Kauffman-Rand Center for the Study of Small Business and Regulation Is Launched

For Release

Thursday
September 16, 2004

The RAND Corporation has launched the Kauffman-RAND Center for the Study of Small Business and Regulation, which will study the way legal and regulatory policymaking affect small businesses and entrepreneurship.

The center—operated by the RAND Institute for Civil Justice—is made possible by a grant from the Ewing Marion Kauffman Foundation, which works with partners to encourage entrepreneurship across America and improve the education of children and youth.

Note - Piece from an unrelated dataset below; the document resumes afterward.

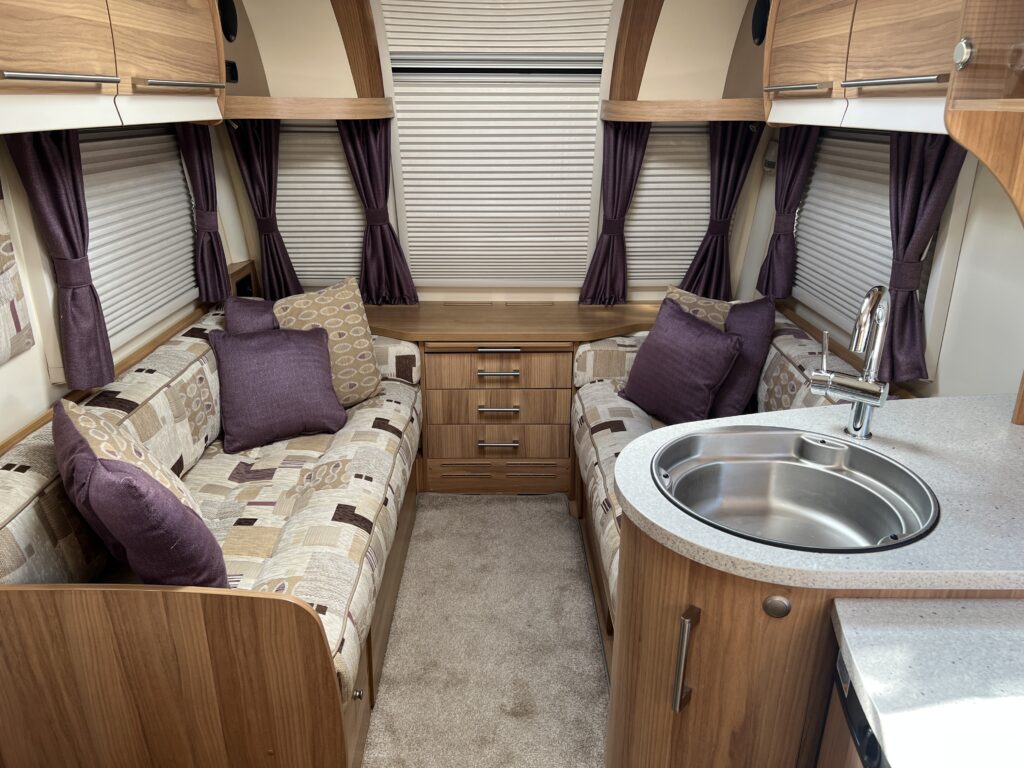 2013 Bailey Unicorn Cadiz NH 7 Scaled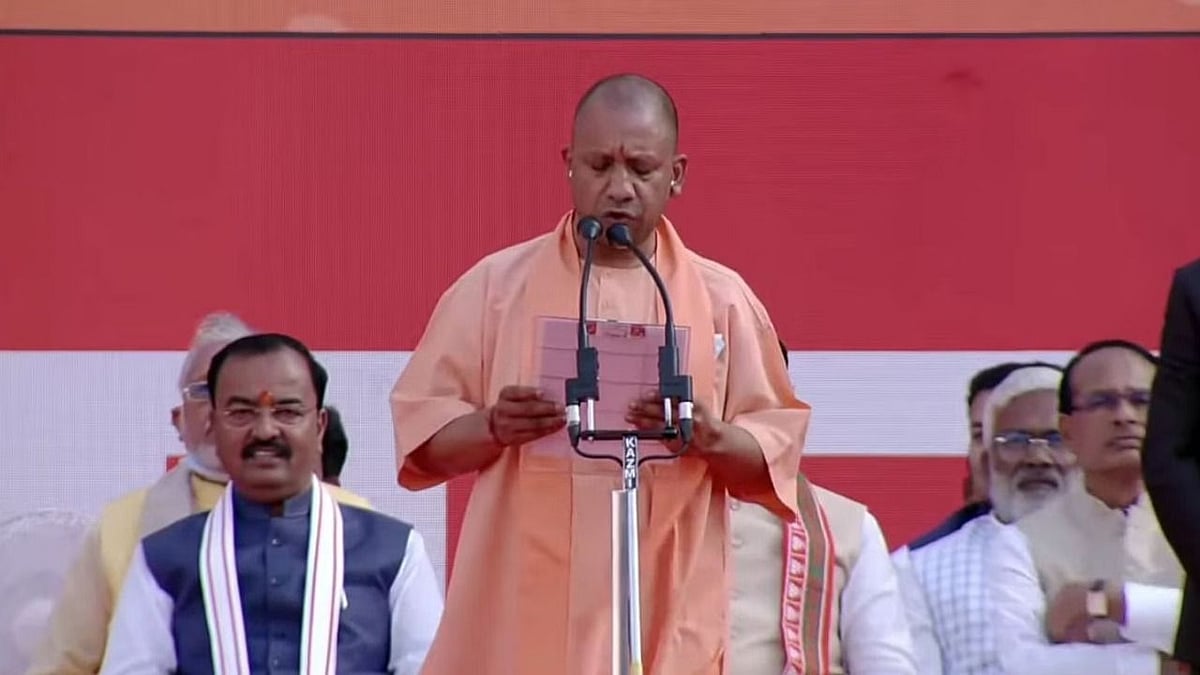 <div class="paragraphs"><p>योगी आदित्यनाथ ने दूसरी बार यूपी सीएम पद की शपथ ली, ये रही मंत्रियों की लिस्ट</p></div>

The Kauffman-RAND Center will endeavor to assess and improve legal and regulatory policymaking as it relates specifically to small businesses and entrepreneurship in a wide range of settings, including corporate governance, employment law, consumer law, securities regulation, and business ethics.

The center will:

  • Conduct research on the impact of specific types of regulation on small businesses.
  • Improve the measurement of the impact of regulation and litigation on small businesses, job growth and economic activity.
  • Identify approaches that achieve policy goals without unintended consequences for small businesses.

According to the U.S. Small Business Administration, small businesses represent more than 99 percent of all employers and employ 50 percent of all private-sector workers. In addition, small businesses produce more than 70 percent of all the net new jobs, and more than half of all private sector output. Small businesses represent 97 percent of all U.S. exporters. Yet small businesses are often overlooked in the research and regulatory community.

The center director is Susan Gates, who has worked as an economist at RAND for nine years and has a Ph.D. in Economic Analysis and Policy from the Stanford Graduate School of Business at Stanford University. Gates has focused her RAND research on improving public sector organizations and the economics of organizations.

“Most policy research on business regulation and litigation looks almost exclusively at large businesses,” Gates said. “It is risky to ignore virtually 50 percent of economic activity in making policy decisions. What we’re trying to do is bring more attention to small businesses so that government officials will be better able to consider their interests in the policymaking process.”

Several Kauffman-RAND Center studies have already begun on topics including the history of small business regulation, the identification of less burdensome approaches for addressing safety problems at small businesses, the impact of changes to the auditing and accounting environment on small businesses, and approaches to measuring and assessing regulatory burdens on businesses of various sizes.

Carl Schramm, President and CEO of the Ewing Marion Kauffman Foundation, said: “We are very pleased to have the RAND Corporation address these important issues. The research agenda of the new center is entirely consistent with our foundation’s mission of promoting small business and entrepreneurship.”

The projects funded through the center will involve researchers from RAND and several other institutions and organizations. The center will also solicit input from policymakers on the research agenda and on the research in progress.